Googling the error only shows one conversation from last year: https://www.postgresql.org/message-id/flat/17947-b9554521ad963c9c%40postgresql.org

However, in that thread it is caused by logical replication slots, which this cluster does not have.

 

Does anyone have an idea what may be causing this?

 

Separately, it seems like Postgres did not restart by itself when this error occurred (normally if a backend crashes Postgres would kill all connections and initiate a restart), but in this case because it’s the recovery process that stops, the whole database just shuts down and needs to be manually restarted. Is that intended?

 

After manually starting the database again, recovery would continue as normal. The database would be in normal operation again.

 

-Floris

 

Re: error "can only drop stats once" brings down database

От
Tom Lane
Дата:
Floris Van Nee <florisvannee@Optiver.com> writes:
> Hi,
> On a database we have we've recently seen a fatal error occur twice. The error happened on two different physical
replicas(of the same cluster) during a WAL redo action in the recovery process. They're running Postgres 15.5. 

> Occurrence 1:
> 2024-02-01 06:55:54.476 CET,,,70290,,65a29b60.11292,6,,2024-01-13 15:17:04 CET,1/0,0,FATAL,XX000,"can only drop stats
once",,,,,"WALredo at A7BD1/D6F9B6C0 for Transaction/COMMIT: 2024-02-01 06:55:54.395851+01; ... 
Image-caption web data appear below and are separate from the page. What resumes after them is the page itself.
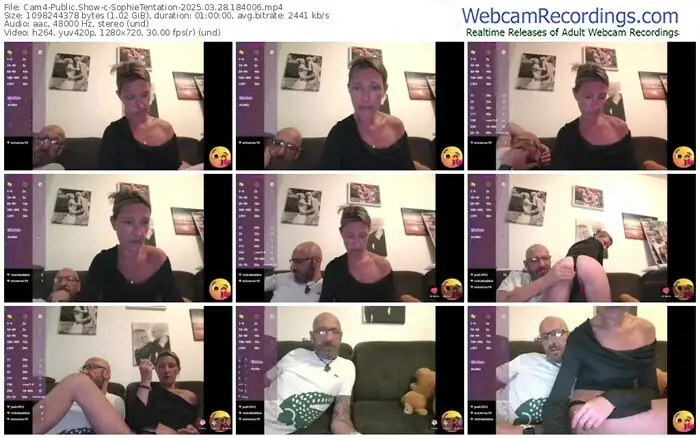 cam4-sophietentation-03-28-2025-18-40-06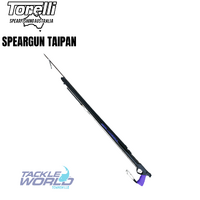 Torelli Speargun Taipan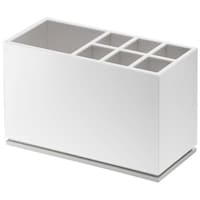 �g�D�[�X�u���V�X�^���h�@�~�X�g�@�z���C�g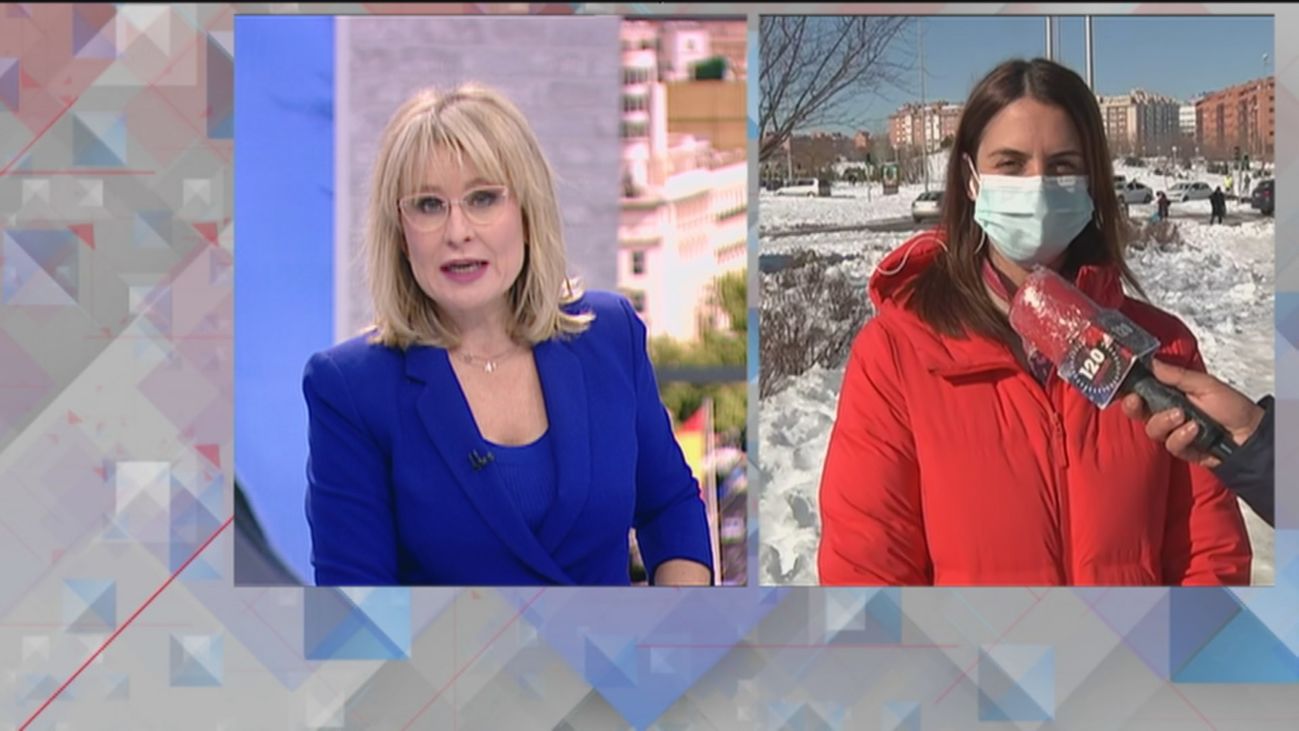 120 minutos 14.01.2021 (Parte 2)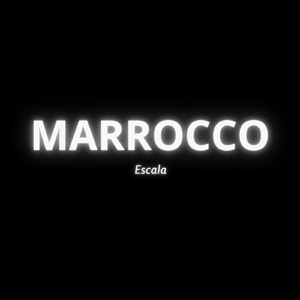 Marrocco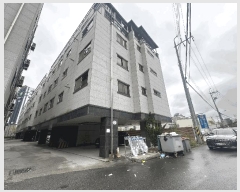  2025Ÿ��51148 �泲 ����� ������ 581-1 ��2��  2��202ȣ    �ټ���,������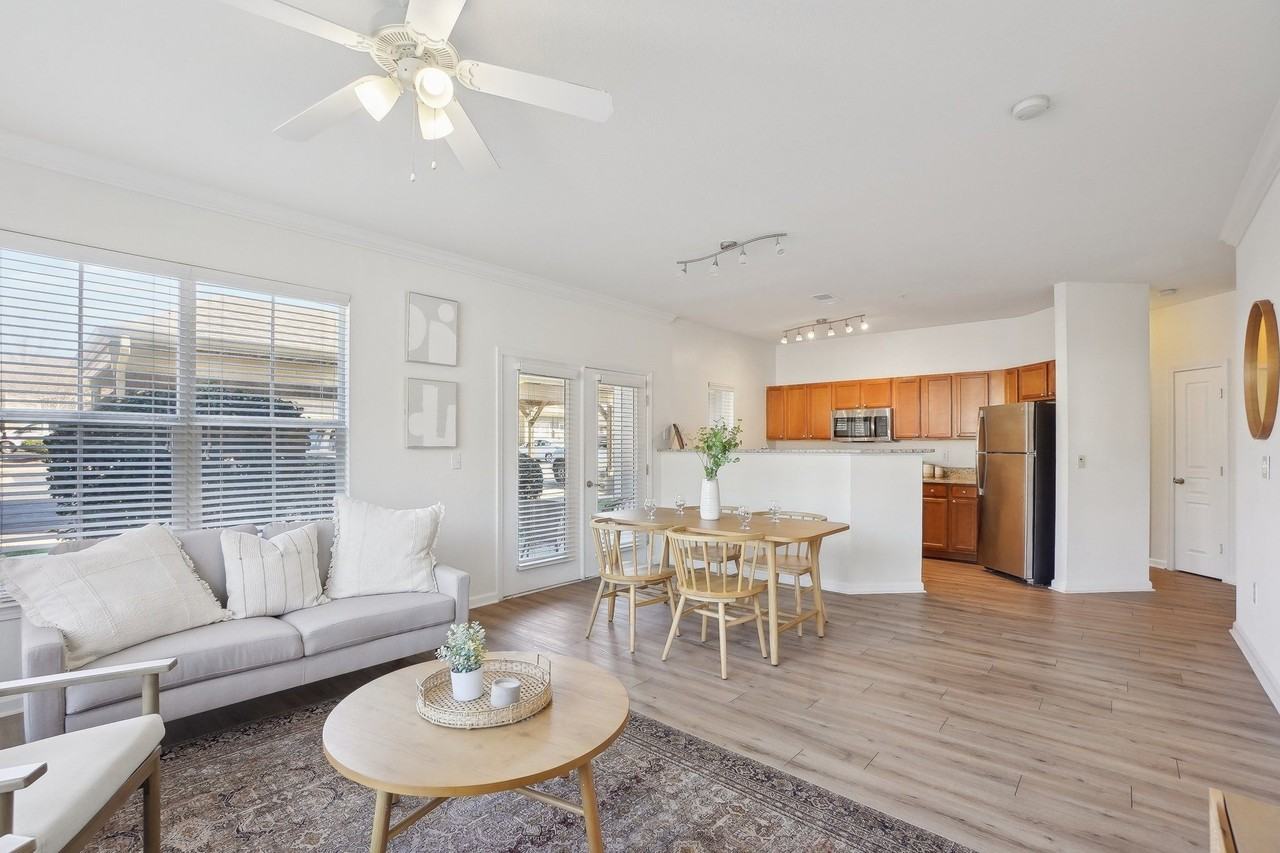 Greystone at Widewaters - Photo 4 of 50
Hmm.  This must be coming from pgstat_drop_entry_internal.
I suspect the correct fix is in pgstat_drop_entry, along
the lines of

-    if (shent)
+    if (shent && !shent->dropped)

but it's not clear to me how the already-dropped case ought to affect
the function's bool result.  Also, how are we getting into a
concurrent-drop situation in recovery?

            regards, tom lane



RE: error "can only drop stats once" brings down database

От
Floris Van Nee
Дата:
> Floris Van Nee <florisvannee@Optiver.com> writes:
> > Hi,
> > On a database we have we've recently seen a fatal error occur twice. The
> error happened on two different physical replicas (of the same cluster)
> during a WAL redo action in the recovery process. They're running Postgres
> 15.5.
>
> > Occurrence 1:
> > 2024-02-01 06:55:54.476 CET,,,70290,,65a29b60.11292,6,,2024-01-13 15:17:04
> CET,1/0,0,FATAL,XX000,"can only drop stats once",,,,,"WAL redo at
> A7BD1/D6F9B6C0 for Transaction/COMMIT: 2024-02-01 06:55:54.395851+01;
> ...
>
> Hmm.  This must be coming from pgstat_drop_entry_internal.
> I suspect the correct fix is in pgstat_drop_entry, along the lines of
>
> -    if (shent)
> +    if (shent && !shent->dropped)
>
> but it's not clear to me how the already-dropped case ought to affect the
> function's bool result.  Also, how are we getting into a concurrent-drop
> situation in recovery?

Anyone has further thoughts on this? This still happens occasionally.

-Floris




Re: error "can only drop stats once" brings down database

От
Tom Lane
Дата:
Floris Van Nee <florisvannee@Optiver.com> writes:
>> Hmm.  This must be coming from pgstat_drop_entry_internal.
>> I suspect the correct fix is in pgstat_drop_entry, along the lines of
>> 
>> -    if (shent)
>> +    if (shent && !shent->dropped)
>> 
>> but it's not clear to me how the already-dropped case ought to affect the
>> function's bool result.  Also, how are we getting into a concurrent-drop
>> situation in recovery?

> Anyone has further thoughts on this? This still happens occasionally.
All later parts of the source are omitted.